> THE PROBLEM
Word for word, set down the lines from the one that holds "New in Pack" through the final line of the listing below, and exclude every picture.

> INFORMATION PROVIDED
################
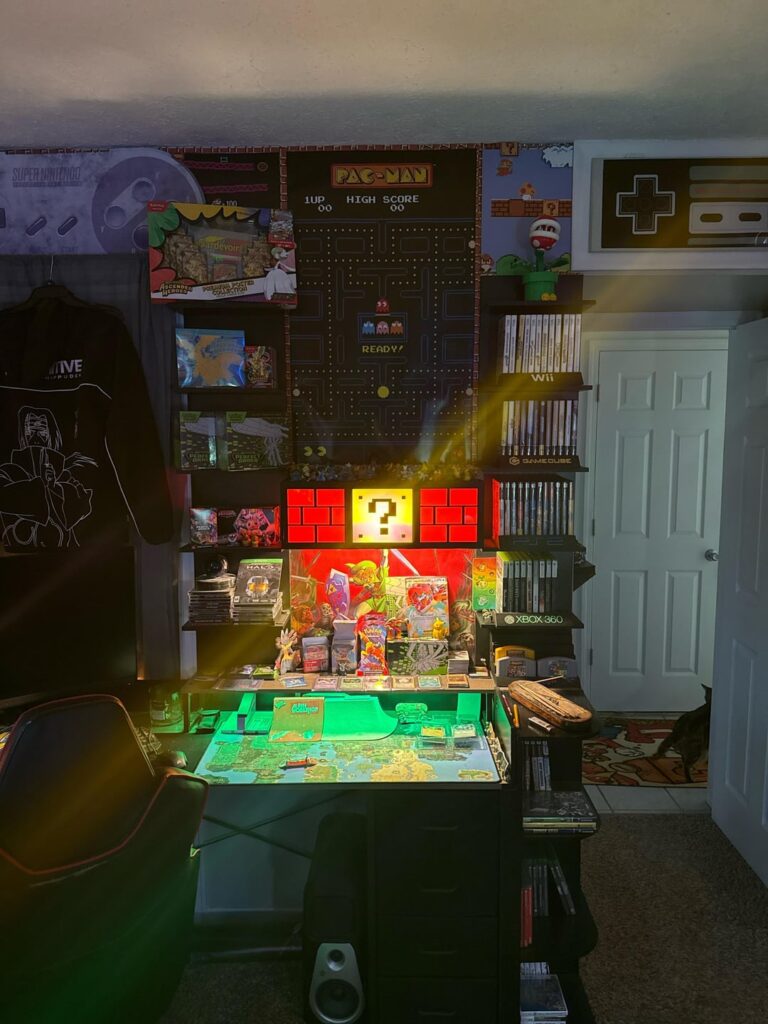 The collection wall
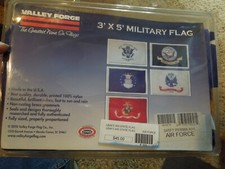 New in Pack Valley Forge US Air Force Flag Nylon 3'x5' 100% Made in USA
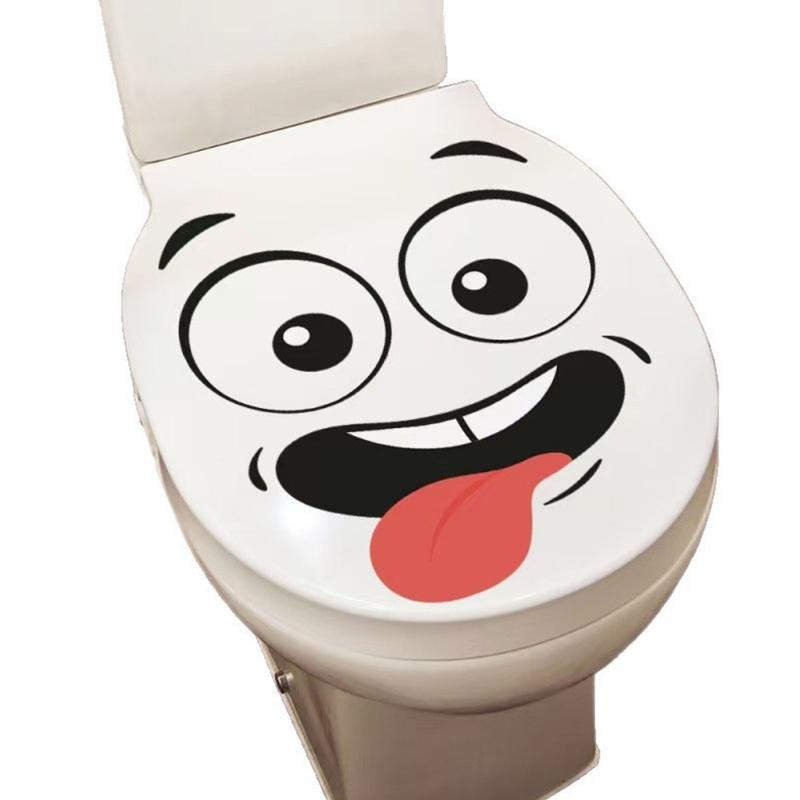 Playful Smiling Emoticon Adhesive Decorations Waterproof Stickers For Console Electronics Accessories Easy Application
################
> THE ANSWER
 New in Pack Valley Forge US Air Force Flag Nylon 3'x5' 100% Made in USA
 Playful Smiling Emoticon Adhesive Decorations Waterproof Stickers For Console Electronics Accessories Easy Application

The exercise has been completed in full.